Adeno-associated virus (AAV) vectors delivered through the systemic circulation successfully transduce various target tissues in animal models. However, similar attempts in humans have been hampered by the high prevalence of neutralizing antibodies to AAV, which completely block vector transduction. We show in both mouse and nonhuman primate models that addition of empty capsid to the final vector formulation can, in a dose-dependent manner, adsorb these antibodies, even at high titers, thus overcoming their inhibitory effect. To further enhance the safety of the approach, we mutated the receptor binding site of AAV2 to generate an empty capsid mutant that can adsorb antibodies but cannot enter a target cell. Our work suggests that optimizing the ratio of full/empty capsids in the final formulation of vector, based on a patient's anti-AAV titers, will maximize the efficacy of gene transfer after systemic vector delivery.

Pharmacological modulation of humoral immunity in a nonhuman primate model of AAV gene transfer for hemophilia B.

Liver gene transfer for hemophilia B has shown very promising results in recent clinical studies. A potential complication of gene-based treatments for hemophilia and other inherited disorders, however, is the development of neutralizing antibodies (NAb) against the therapeutic transgene. The risk of developing NAb to the coagulation factor IX (F.IX) transgene product following adeno-associated virus (AAV)-mediated hepatic gene transfer for hemophilia is small but not absent, as formation of inhibitory antibodies to F.IX is observed in experimental animals following liver gene transfer. Thus, strategies to modulate antitransgene NAb responses are needed. Here, we used the anti-B cell monoclonal antibody rituximab (rtx) in combination with cyclosporine A (CsA) to eradicate anti-human F.IX NAb in rhesus macaques previously injected intravenously with AAV8 vectors expressing human F.IX. A short course of immunosuppression (IS) resulted in eradication of anti-F.IX NAb with restoration of plasma F.IX transgene product detection. In one animal, following IS anti-AAV6 antibodies also dropped below detection, allowing for successful AAV vector readministration and resulting in high levels (60% or normal) of F.IX transgene product in plasma. Though the number of animals is small, this study supports for the safety and efficacy of B cell-targeting therapies to eradicate NAb developed following AAV-mediated gene transfer.

Separation of adeno-associated virus type 2 empty particles from genome containing vectors by anion-exchange column chromatography.

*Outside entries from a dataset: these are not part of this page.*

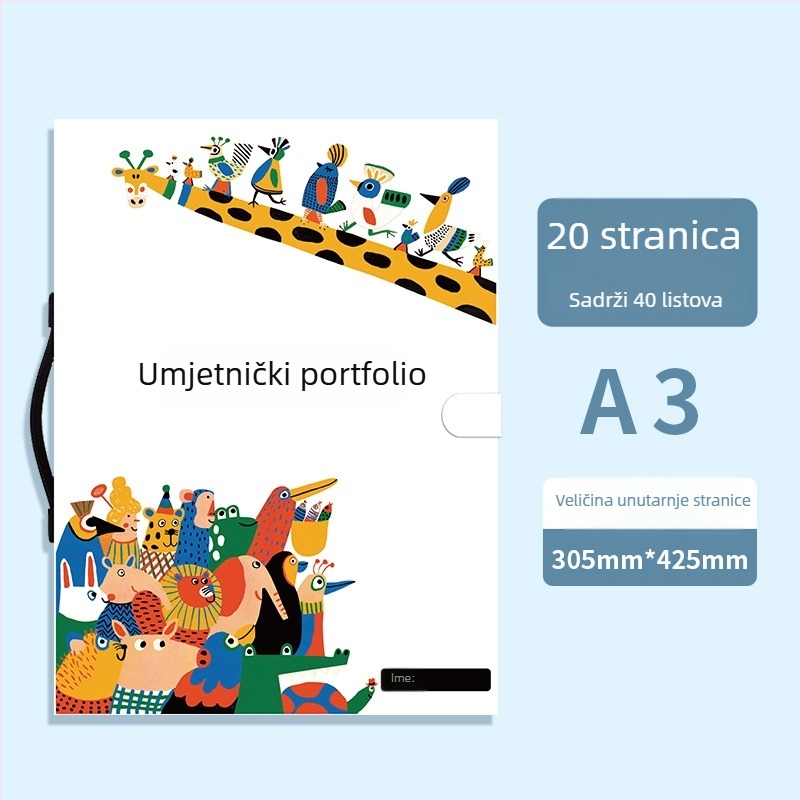 A3/A2/8K/4K umjetnički portfelj i skladišni album, šareni folder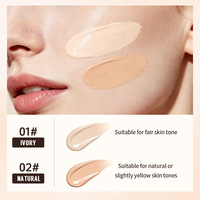 M-Brush en Stock, Base de Maquillaje en Barra con Brocha, Barra Correctora de Doble Cabeza, Maquillaje Mate de Larga Duración a Prueba de Agua para Fiestas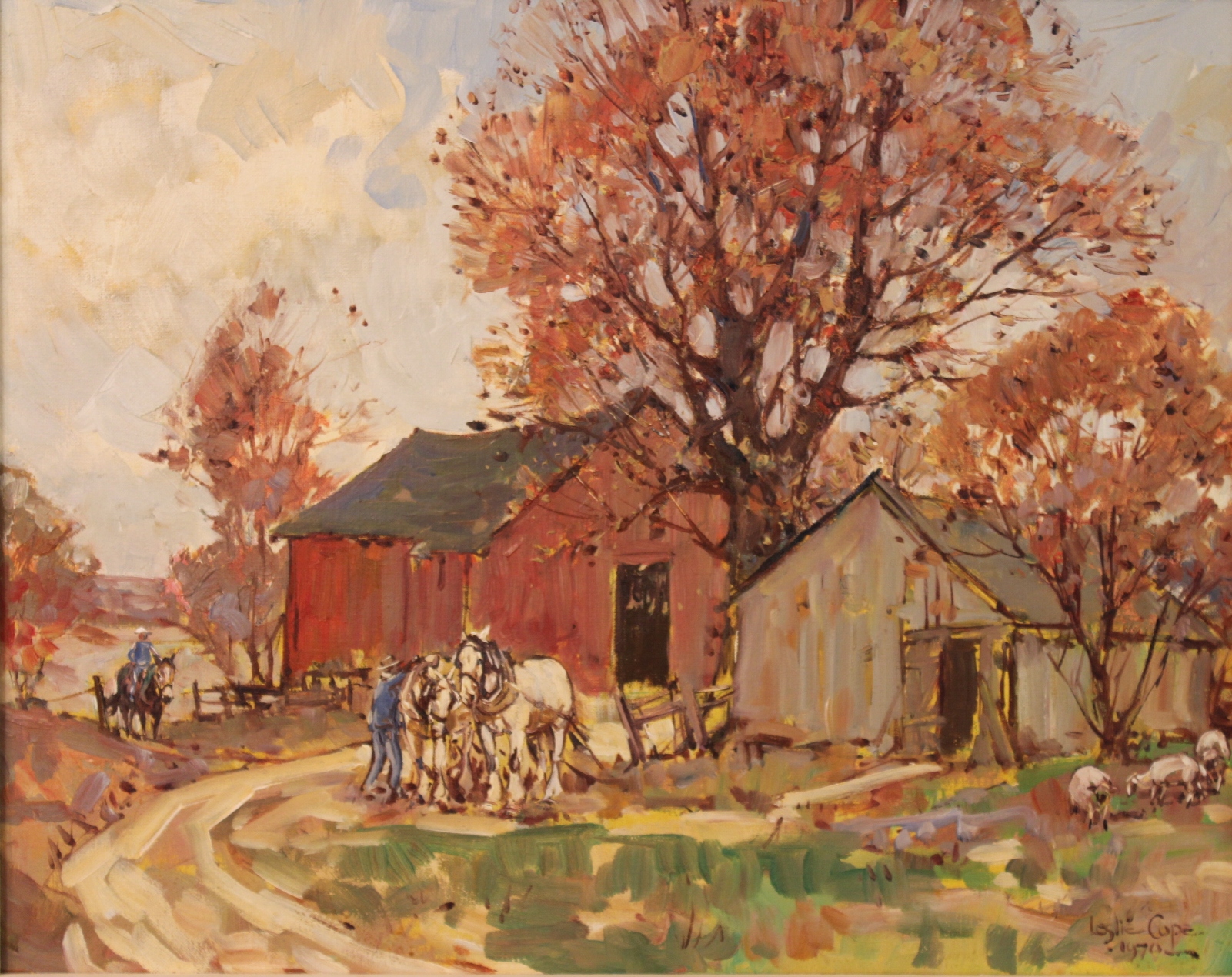 Leslie Cope Oil Painting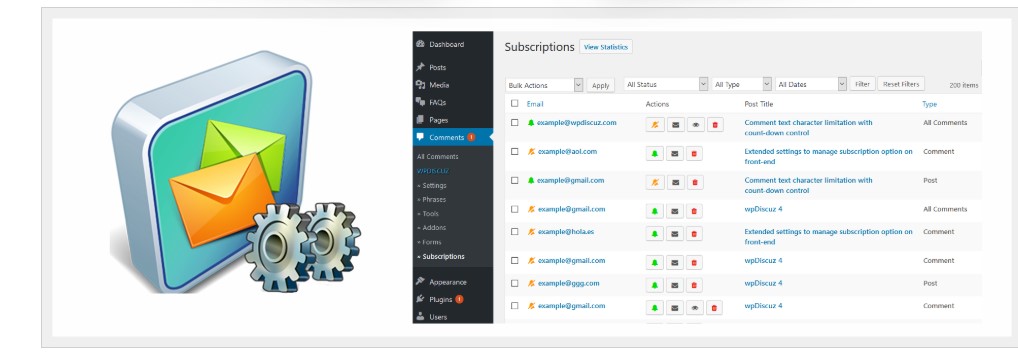 WpDiscuz – Subscription Manager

Adeno-associated virus (AAV) empty capsids typically co-purify with genome containing AAV2 vectors purified by column chromatography. This study describes a method to remove empty capsids from genome containing vector particles by anion exchange chromatography. The separation is based on the slightly less anionic character of empty particles compared to vectors. Detailed methods to achieve AAV2 vector purification and particle separation using cation exchange resin POROS 50HS followed by anion exchange resin Q-Sepharose(xl) are described. Chromatographic separation of AAV2 particles was achieved using gradients based on sodium acetate and ammonium acetate, and was optimal at pH 8.5. Efficient removal of particle surface nucleic acid impurities was found to be important to achieve good particle separation. In a large scale experiment performed using partially purified vector containing a mixture of 1.56 x 10(14)vg and 2.52 x 10(15) empty capsids as a starting material, the optimized anion exchange chromatography method resulted in a vector peak of 1.15 x 10(14)vg containing 0.25 x 10(14) empty capsids, corresponding to 74% vector yield and 86-fold reduction in empty capsids in the vector product.